[Opening Dataset content section]

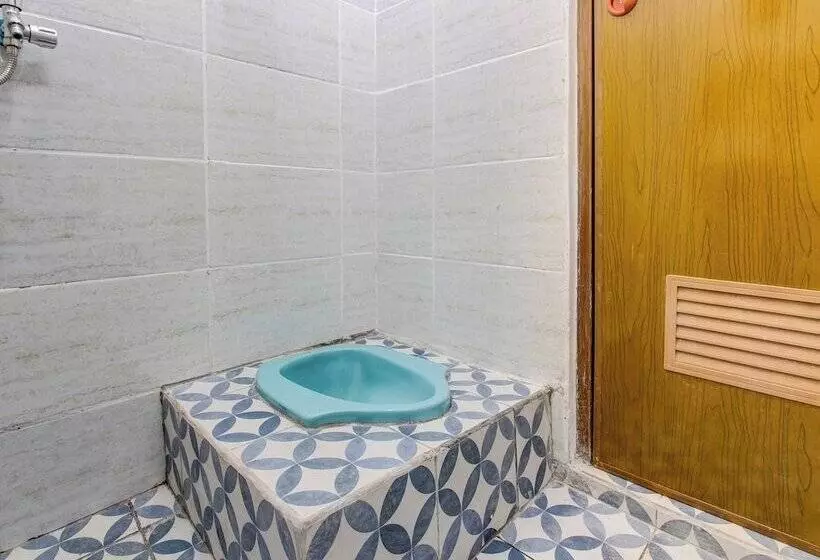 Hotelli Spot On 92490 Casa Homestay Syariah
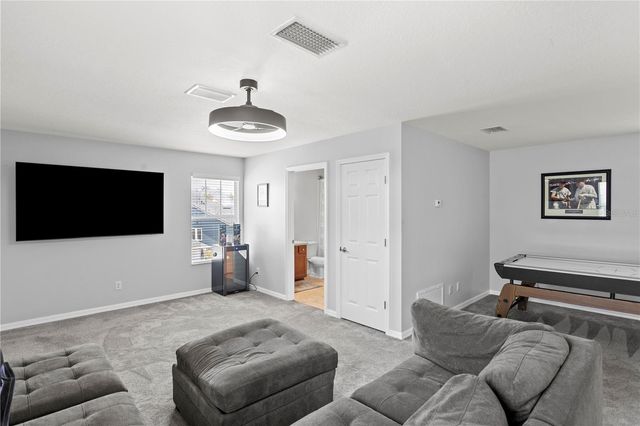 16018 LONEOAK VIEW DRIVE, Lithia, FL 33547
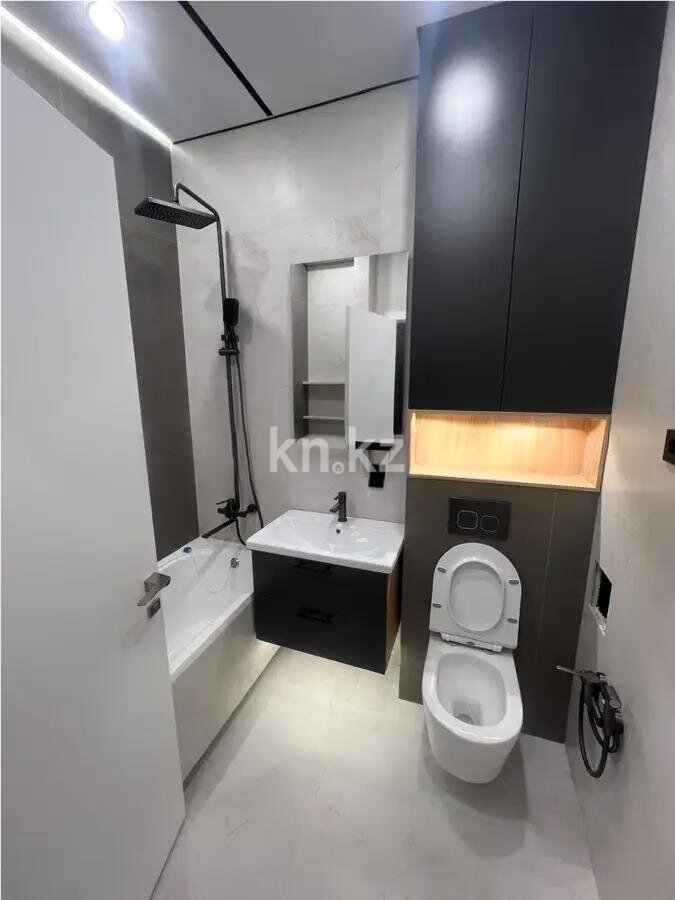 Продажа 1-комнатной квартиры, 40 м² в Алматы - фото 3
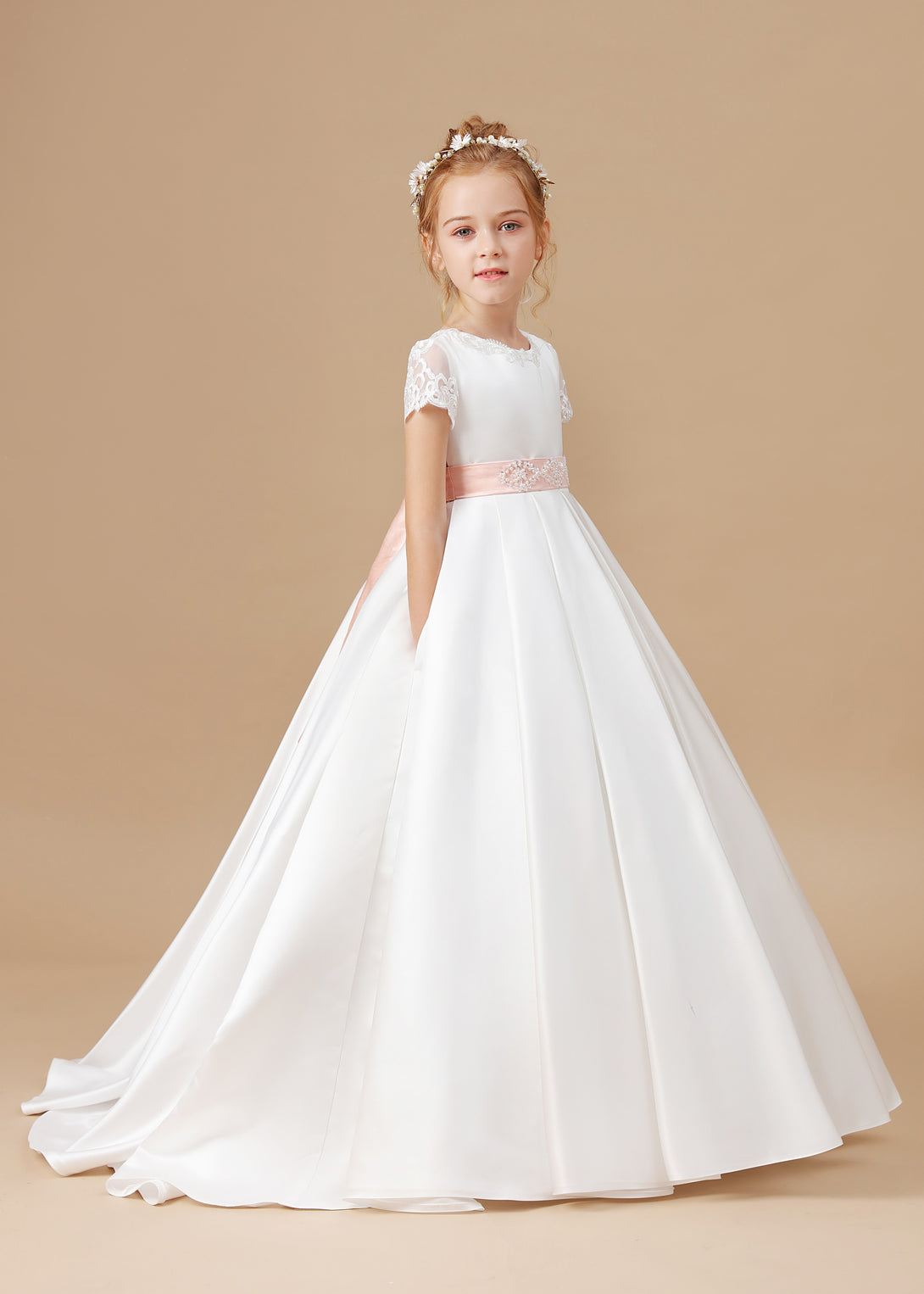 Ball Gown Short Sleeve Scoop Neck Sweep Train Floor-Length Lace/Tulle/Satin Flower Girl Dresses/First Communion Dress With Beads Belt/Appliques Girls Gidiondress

[Closing Dataset content section]

_Instructions to follow_
Using the material above, return every line exactly as it appears, minus the pictures.

_Problem solution_
 Hotelli Spot On 92490 Casa Homestay Syariah
 16018 LONEOAK VIEW DRIVE, Lithia, FL 33547
 Продажа 1-комнатной квартиры, 40 м² в Алматы - фото 3
 Ball Gown Short Sleeve Scoop Neck Sweep Train Floor-Length Lace/Tulle/Satin Flower Girl Dresses/First Communion Dress With Beads Belt/Appliques Girls Gidiondress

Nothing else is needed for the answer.